Report shows negative track record of CAFTA in Central America:

“DR-CAFTA Year Two: Trends and Impacts,” is the English title of a report presented by the Red Regional de Monitoreo de DR-CAFTA in September in San Jose. The Red is a group of more than 15 organizations from the CAFTA countries, including the Confederacion Guatemalteca de Federaciones de Cooperativas (CONFECOOP), the Centro de Estudios en Inversion y Comercio de El Salvador (CEICOM), the Coalicion Hondurena de Accion Ciudadana (CHAAC), the Movimiento Social Nicaraguense, and the Comision Nacional de Enlace de Costa Rica. And it paints a dismal picture of the impacts of CAFTA on the region.

The Central America countries and the Dominican Republics have seen their trade balances wit the US reversed.

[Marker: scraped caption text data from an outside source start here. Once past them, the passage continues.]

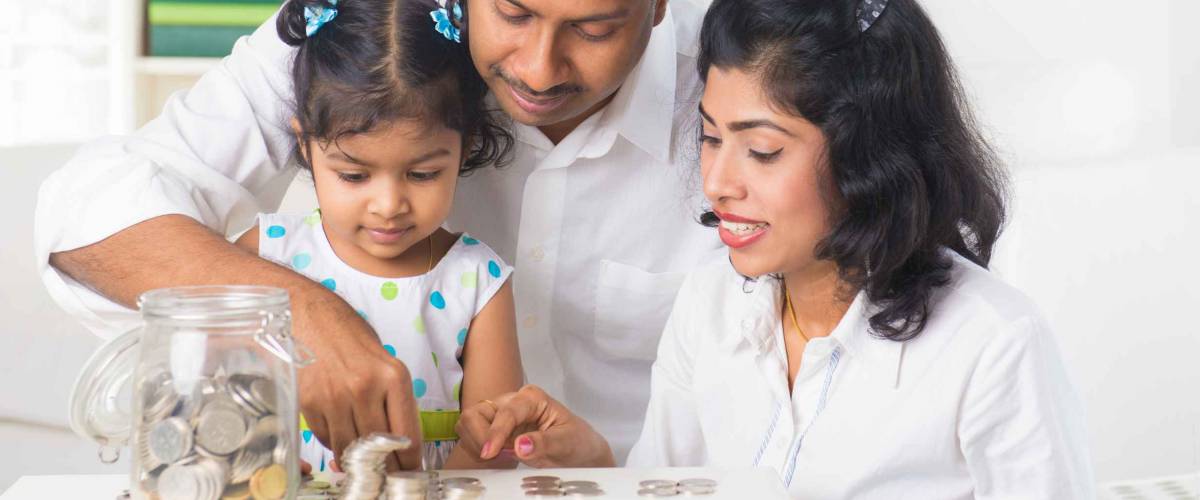 indian family teaching children on savings and financial planning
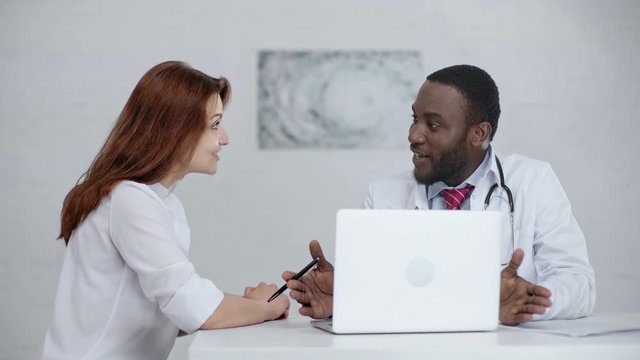two multicultural doctors talking and smiling while sitting near laptop 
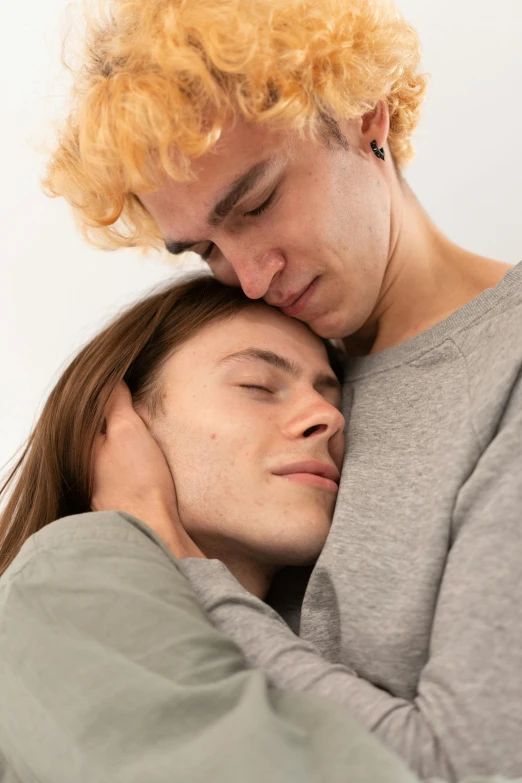 a man and a woman cuddling in bed, antipodeans, nonbinary model, profile image, teenage boy, two men hugging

Export growth from the region to the US since the retification of the treaty were: El Salvador 3.7%, Honduras 5.7%, Nicaragua -.1%, and Dominican Republic –12.7%, while imports from the US grew 11.2% for El Salvador, 26% for Honduras, 27.5 for Nicaragua, and 13,5 for the DR. (numbers reported in Semanario Universidad).

At the same time, foreign direct investment decreased by 42%in the region. That means -$180 million in El Salvador, -$180 million in Honduras, -$23.4 million in the DR. Nicaragua received a total of $56 million during that time.

The report argues that "the parties to the agreement are experiencing an overall worsened trade balance with the US. Imports of US agricultural products to the region have outpaced exports, Central American and Dominican producers fail to compete against subsidized US agricultural goods." Central American farmers cannot compete with subsidized agricultural products from the US, and the vast majority does not posses the resources to even contemplate exporting the US, as the investments necessary to comply with the phytosanitary standards required by the US. As a result of the inability of small and medium sized producers to compete, the region is entering into severy food security problem, as it is losing the ability to feed itself and becomes increasingly dependent on US imports. Partly due to the biofuel trend, however, food, especially corn prices are already rising. The price of white corn in El Salvador, for example, increased by 81.6%. The Consumer Price Index rose by 5.1% in Guatemala between June 2006 and April 2007; the price of corn rose 26%, rice, 9.3%, bread, 9.5%. In the same June 2005 to April 2006 period prior to CAFTA those numbers were, 2.4%, 1.2%, and 2.4%.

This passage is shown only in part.